▶ Assigned task
Once you find the line containing "Framed Azure Coral IV Print", set down exactly that line and every one after it through the end of the listing below, with both ends included and any pictures omitted.

▶ Record excerpts
☆ ☆ ☆

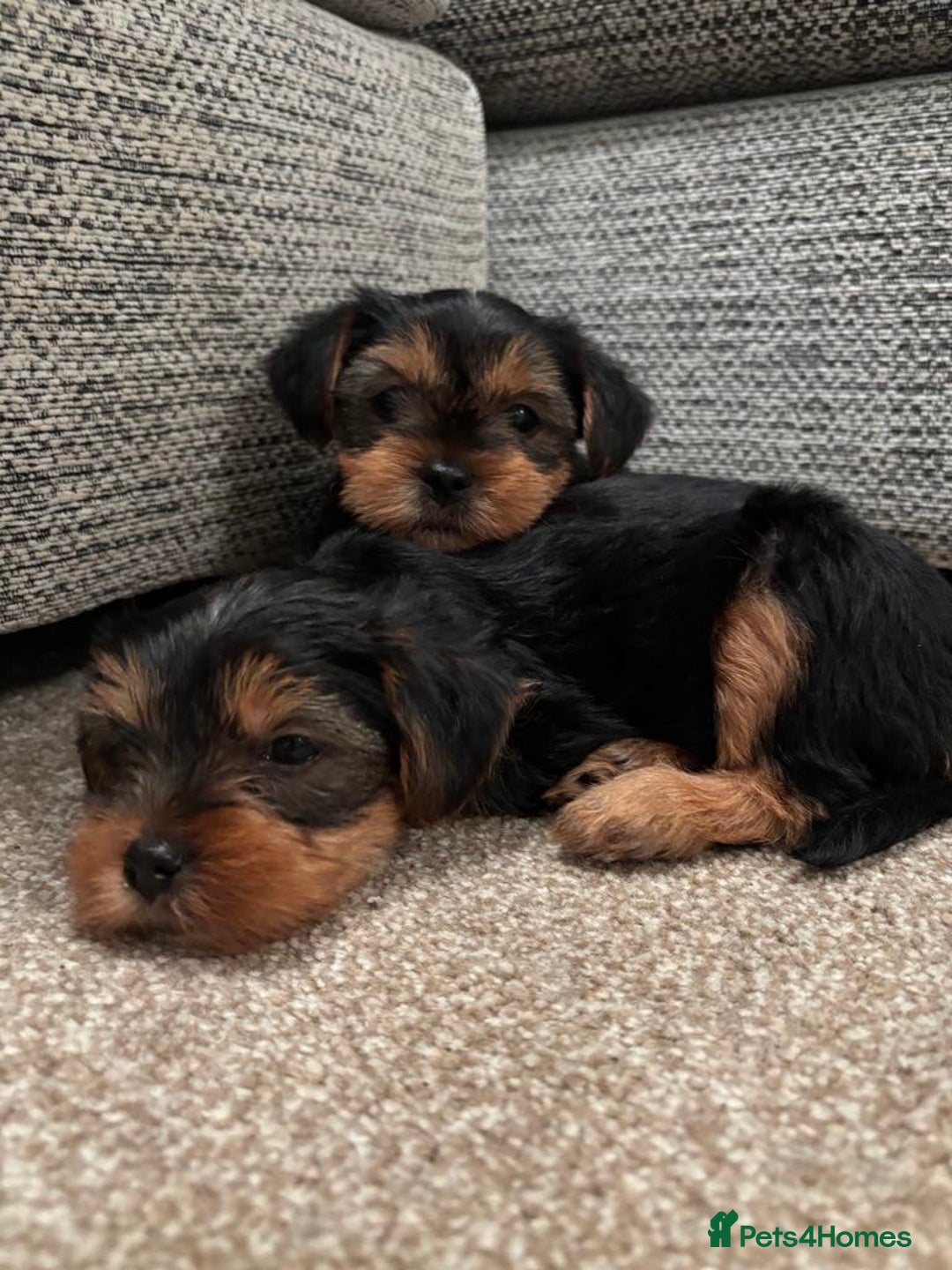 Yorkshire Terrier dogs for sale: Two Female Yorkshire Terrier Puppies  - Advert 1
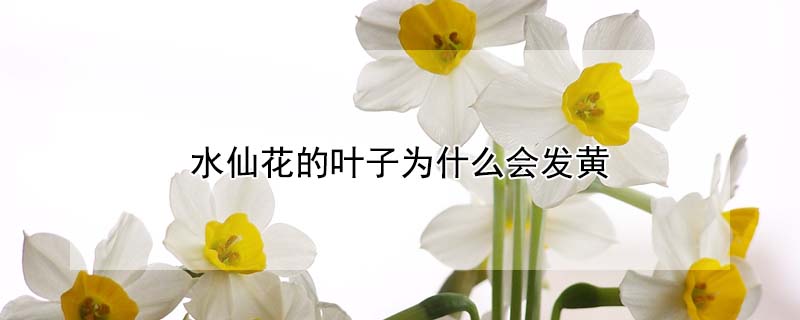 水仙花的葉子為什麼會發黃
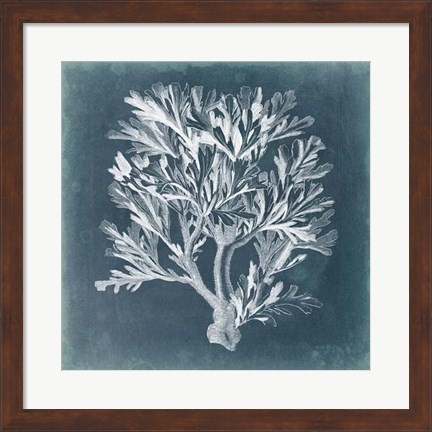 Framed Azure Coral IV Print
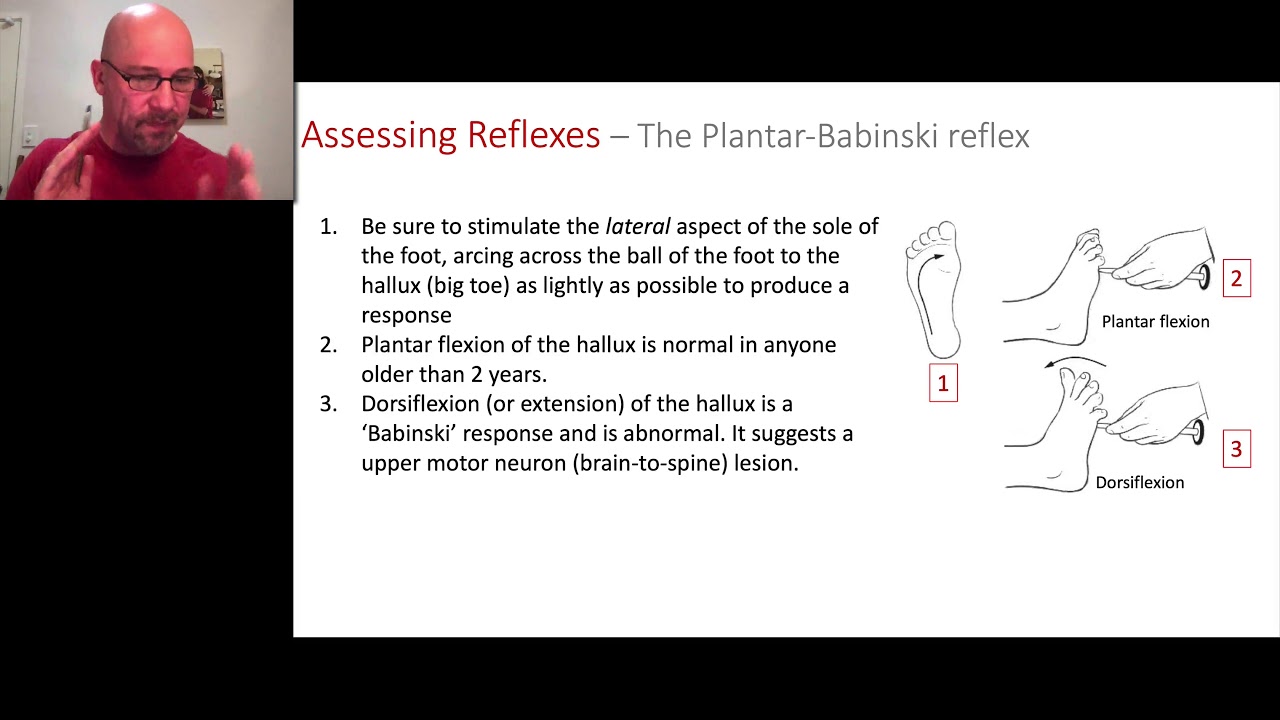 Paramedic Neurological Assessment 8 - Reflexes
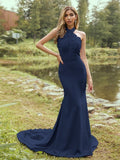 Sheath/Column Stretch Crepe Lace Halter Sleeveless Sweep/Brush Train Bridesmaid Dresses Evening Dress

☆ ☆ ☆

▶ The answer
 Framed Azure Coral IV Print
 Paramedic Neurological Assessment 8 - Reflexes
 Sheath/Column Stretch Crepe Lace Halter Sleeveless Sweep/Brush Train Bridesmaid Dresses Evening Dress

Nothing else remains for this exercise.